● **What you have to do**
In the records below, take the line with "Proud mama box 'Ava'" and all lines after it, and copy them exactly, pictures excluded.

======

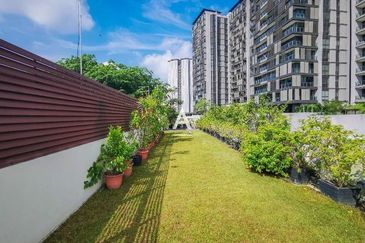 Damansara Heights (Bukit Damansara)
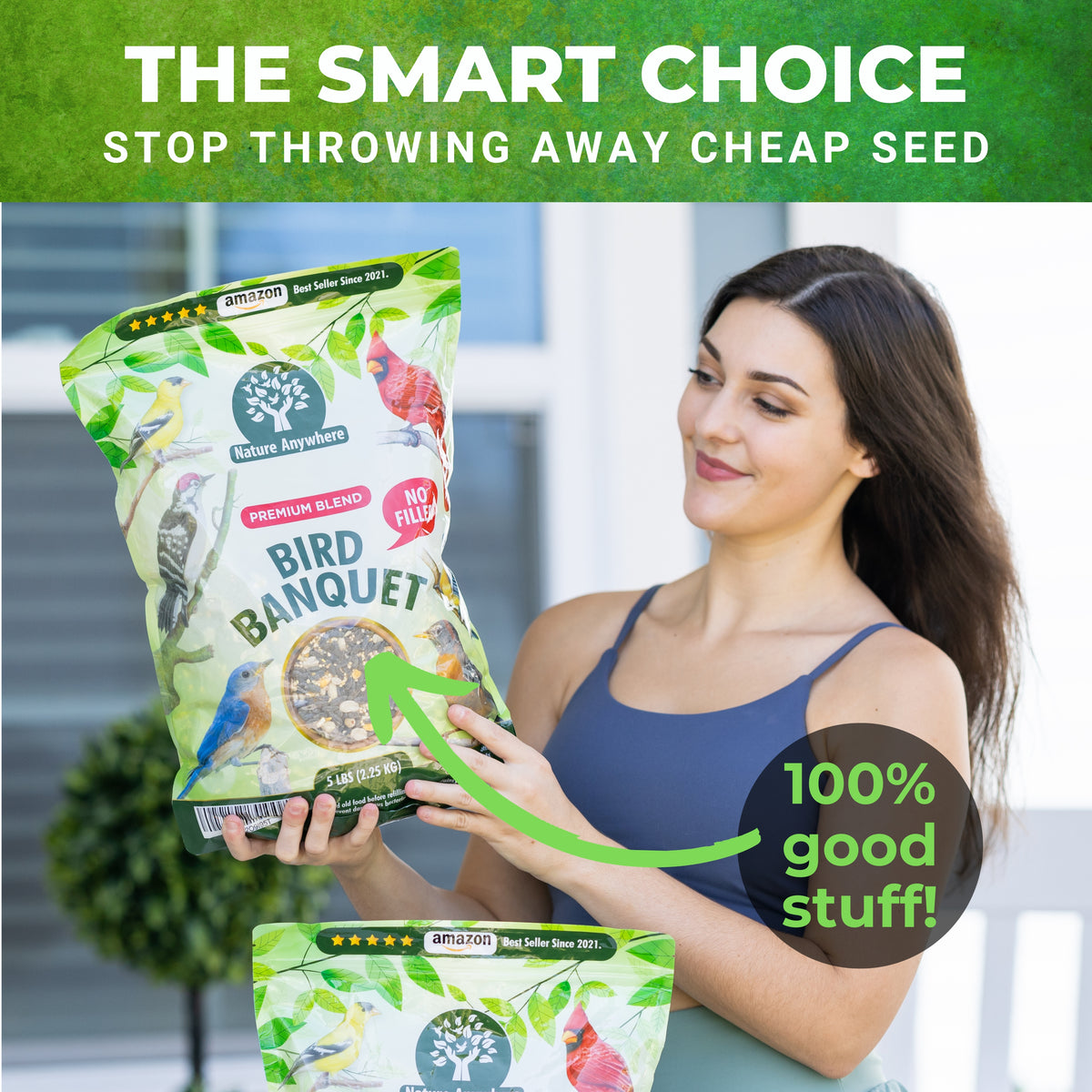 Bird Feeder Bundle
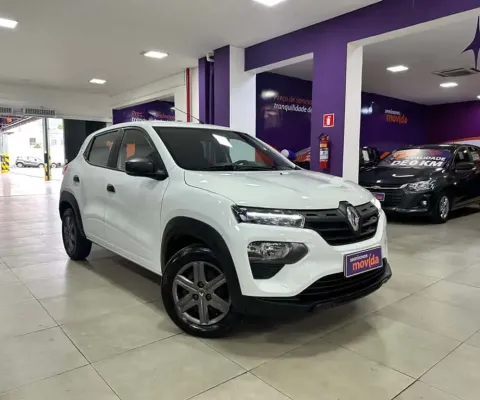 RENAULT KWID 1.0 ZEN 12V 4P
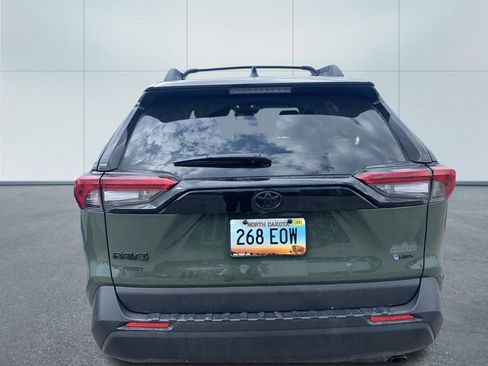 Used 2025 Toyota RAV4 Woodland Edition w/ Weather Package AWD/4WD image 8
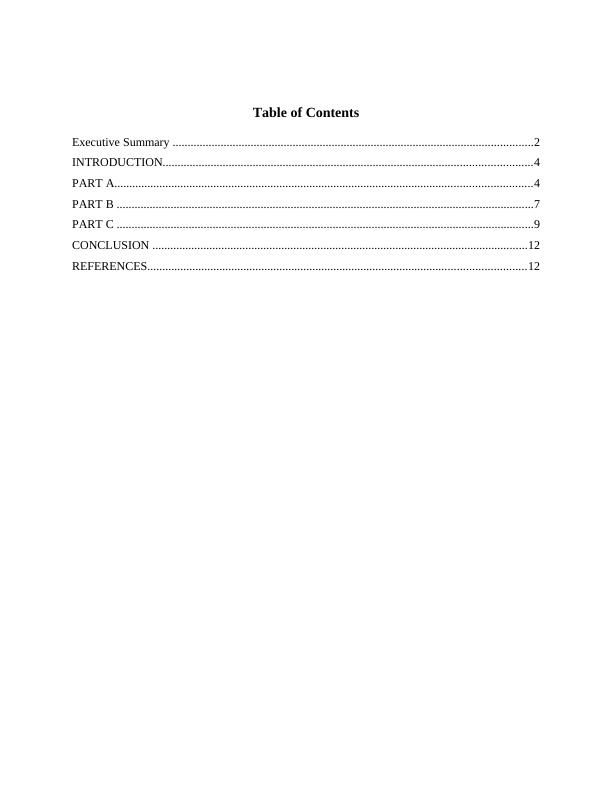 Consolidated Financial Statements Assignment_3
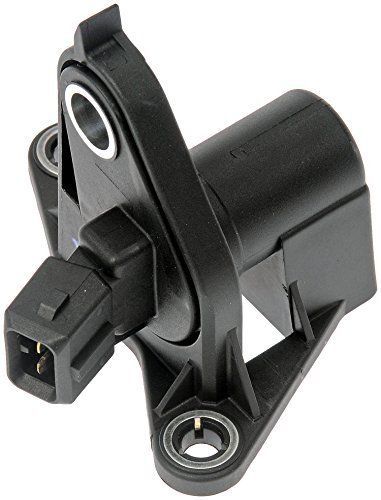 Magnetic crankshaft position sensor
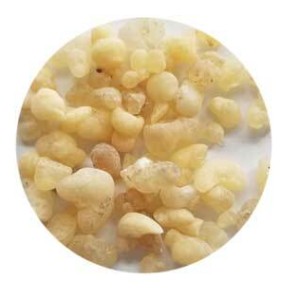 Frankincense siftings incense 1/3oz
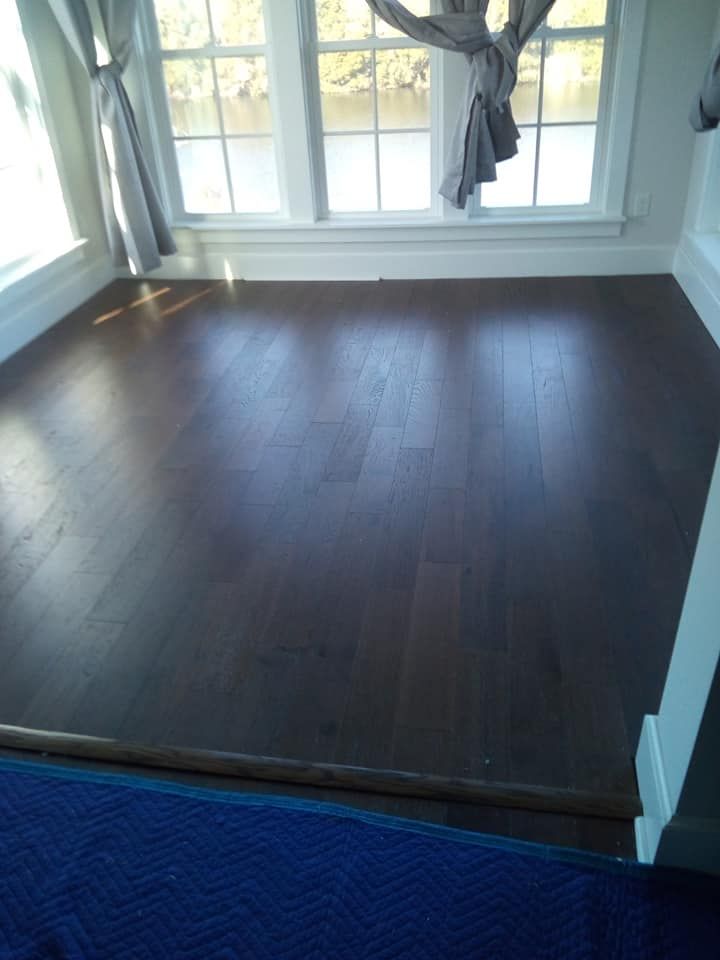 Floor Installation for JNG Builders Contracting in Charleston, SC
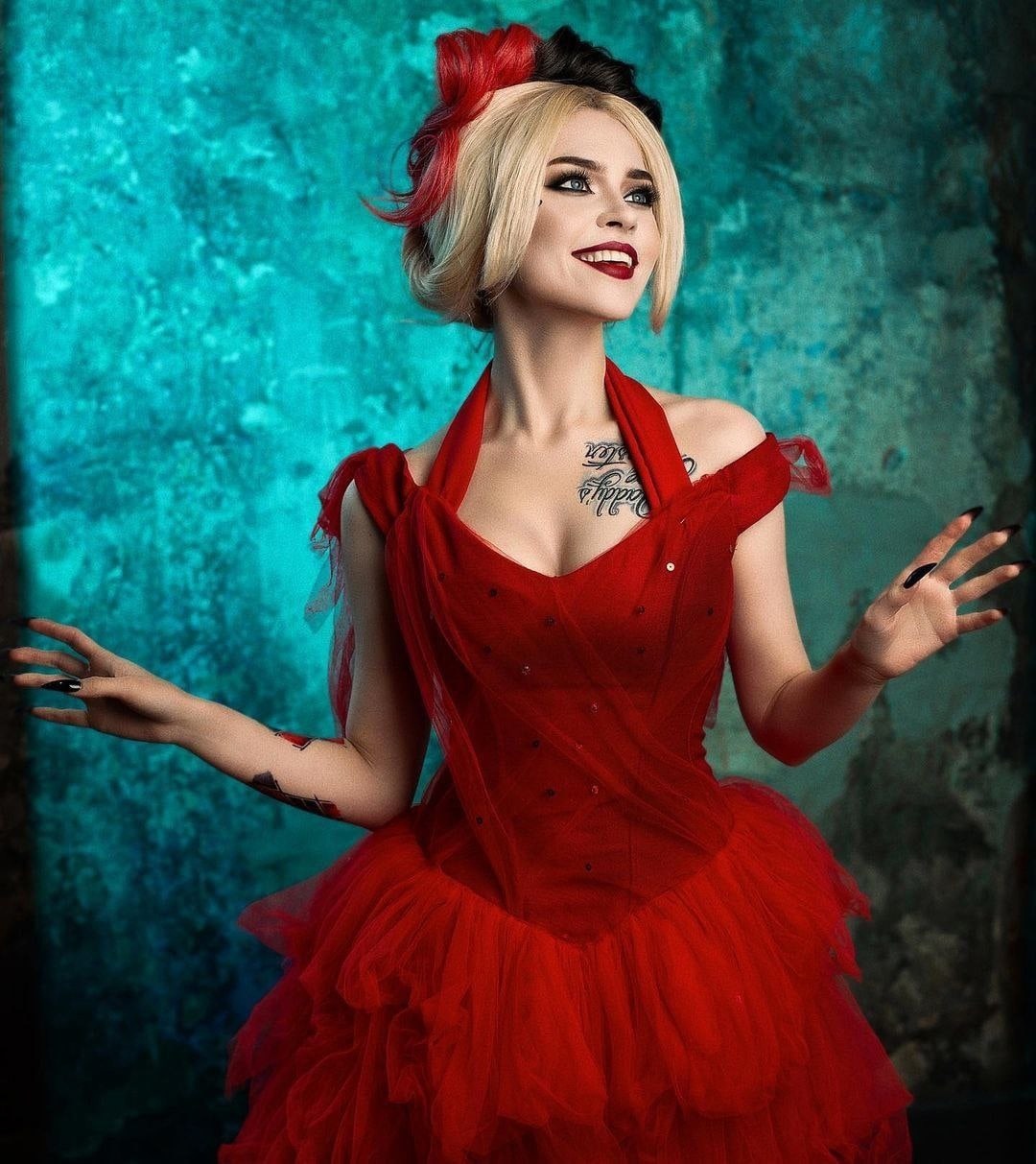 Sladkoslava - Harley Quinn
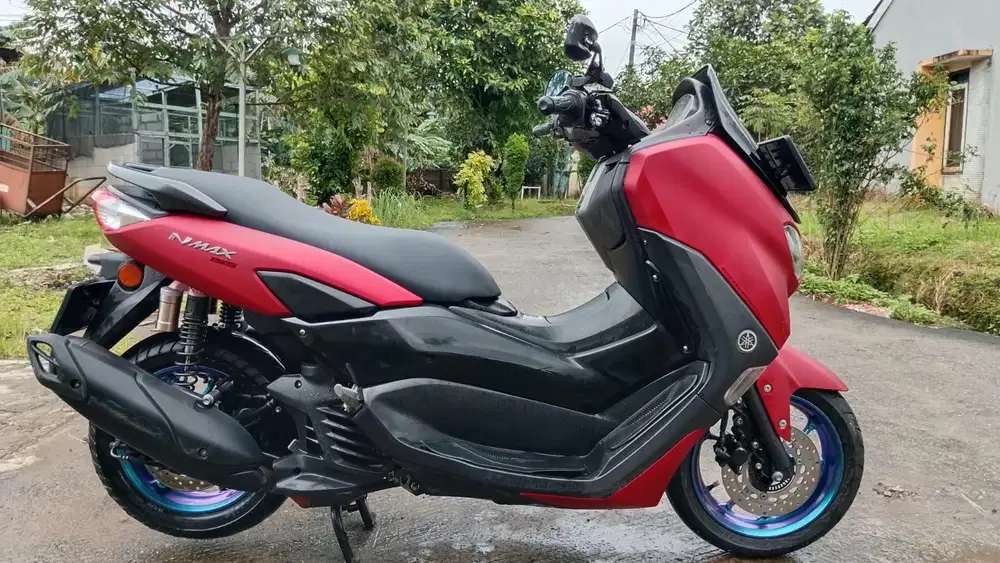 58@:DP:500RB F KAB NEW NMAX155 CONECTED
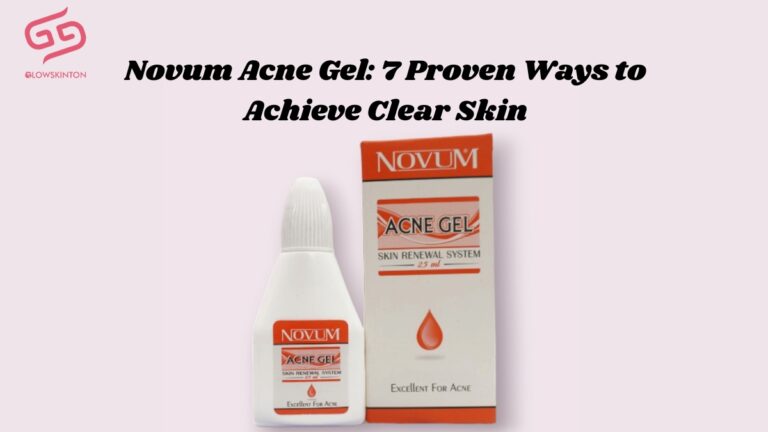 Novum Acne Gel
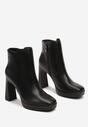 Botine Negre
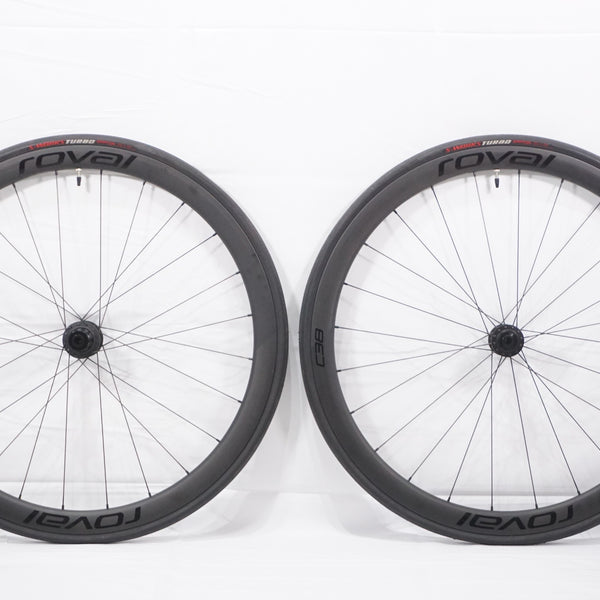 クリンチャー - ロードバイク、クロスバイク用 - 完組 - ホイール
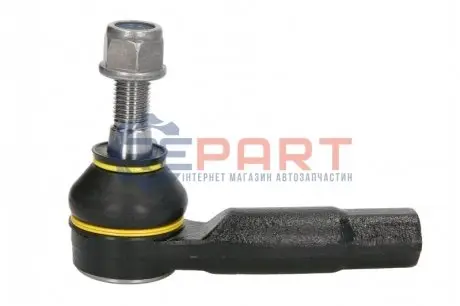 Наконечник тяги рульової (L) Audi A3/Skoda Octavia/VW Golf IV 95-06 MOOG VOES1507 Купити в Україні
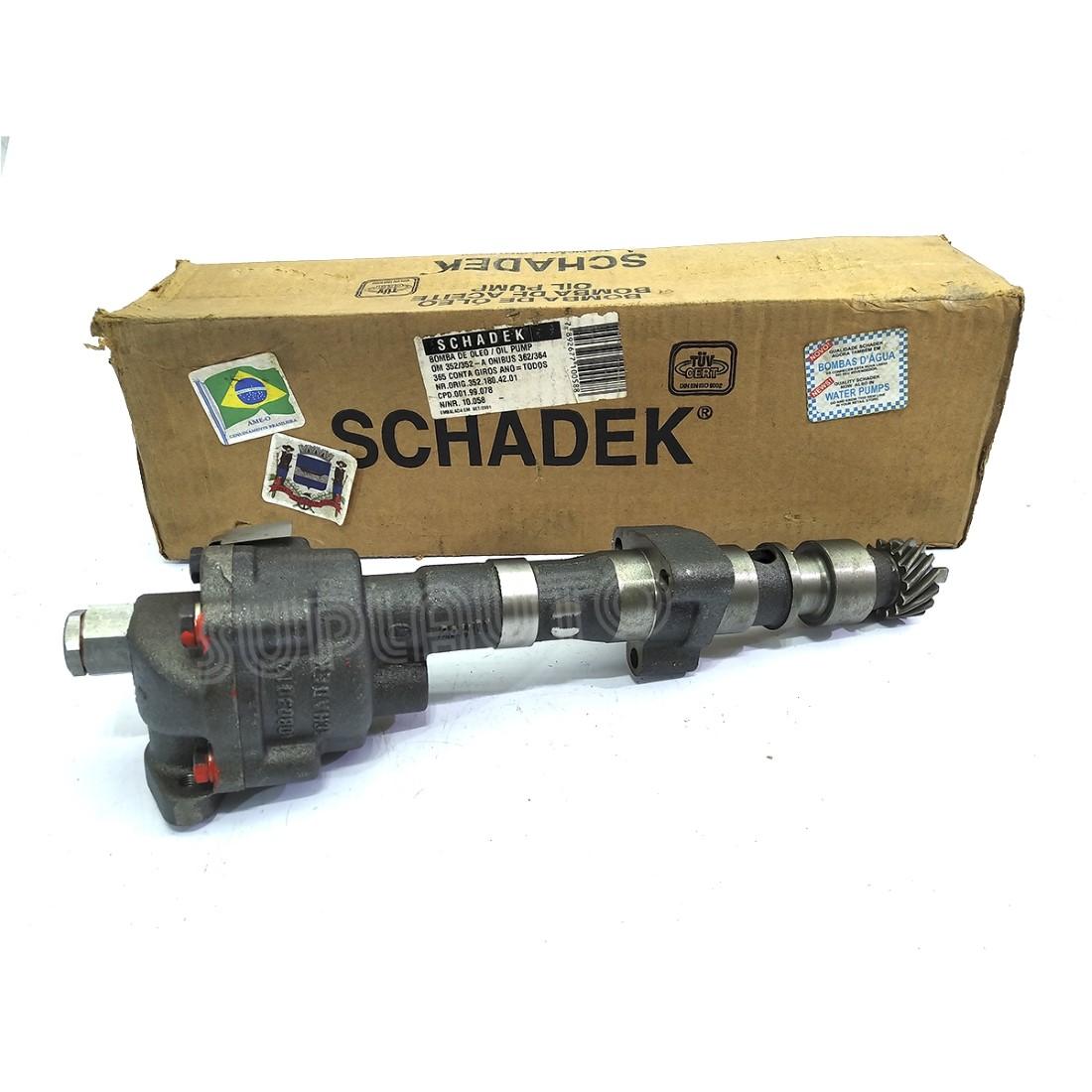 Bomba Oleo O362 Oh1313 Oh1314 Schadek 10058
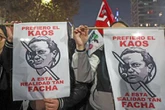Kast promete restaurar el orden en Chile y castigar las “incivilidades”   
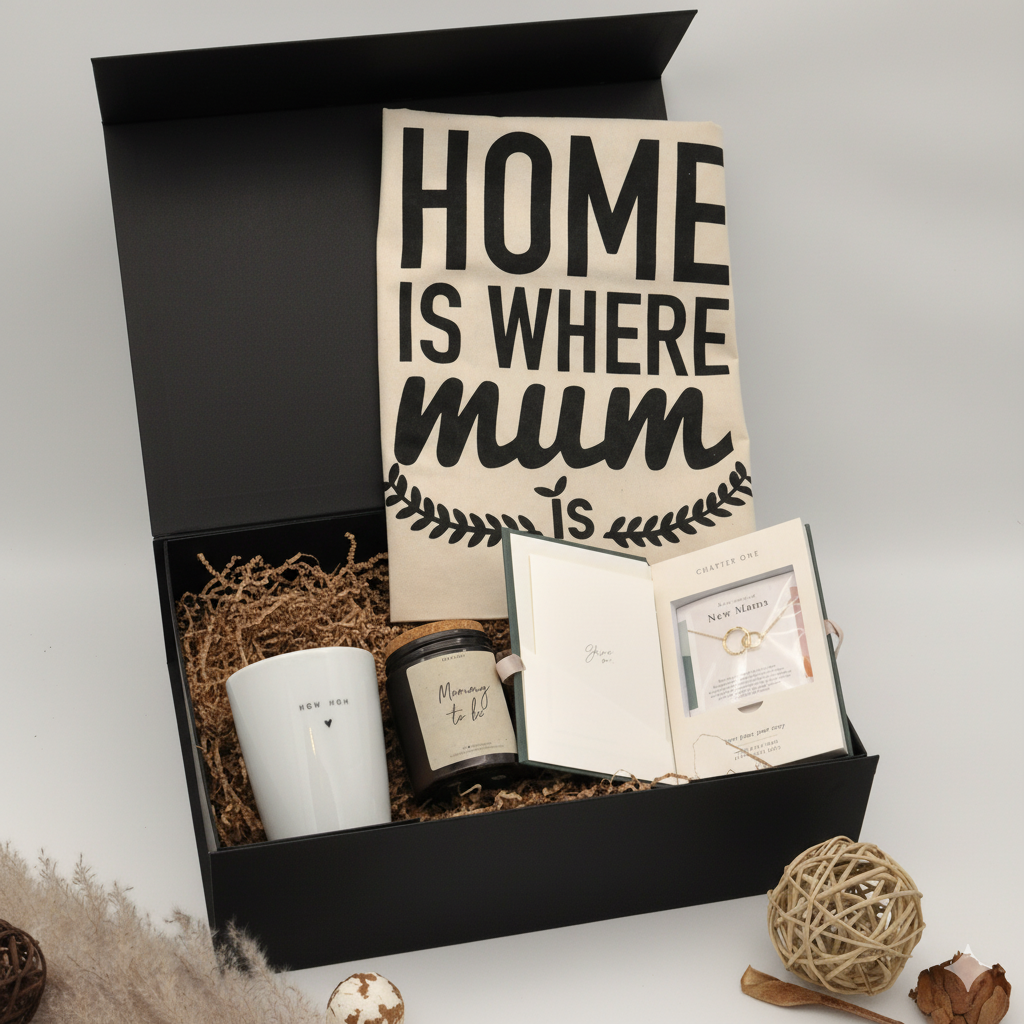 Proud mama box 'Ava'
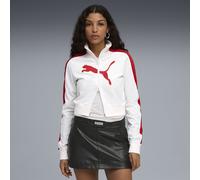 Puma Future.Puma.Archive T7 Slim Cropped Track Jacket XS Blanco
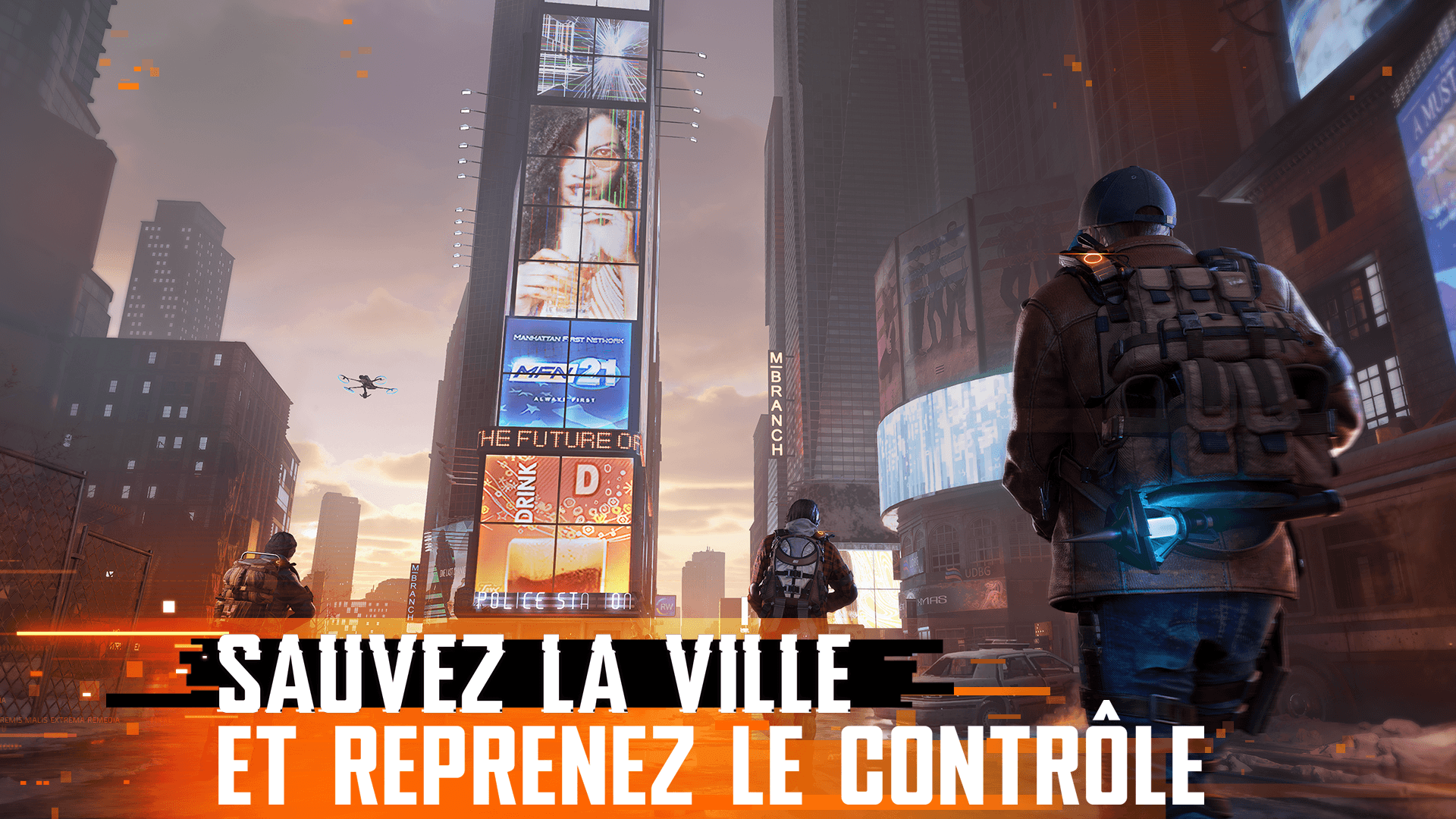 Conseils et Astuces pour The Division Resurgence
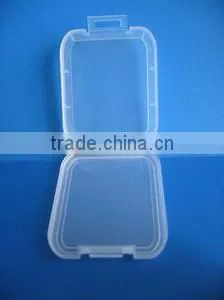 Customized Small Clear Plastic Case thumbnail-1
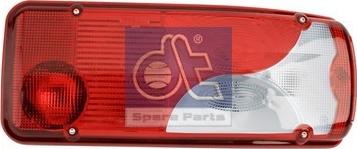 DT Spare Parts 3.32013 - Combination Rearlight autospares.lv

======

● **Completed exercise**
 Proud mama box 'Ava'
 Puma Future.Puma.Archive T7 Slim Cropped Track Jacket XS Blanco
 Conseils et Astuces pour The Division Resurgence
 Customized Small Clear Plastic Case thumbnail-1
 DT Spare Parts 3.32013 - Combination Rearlight autospares.lv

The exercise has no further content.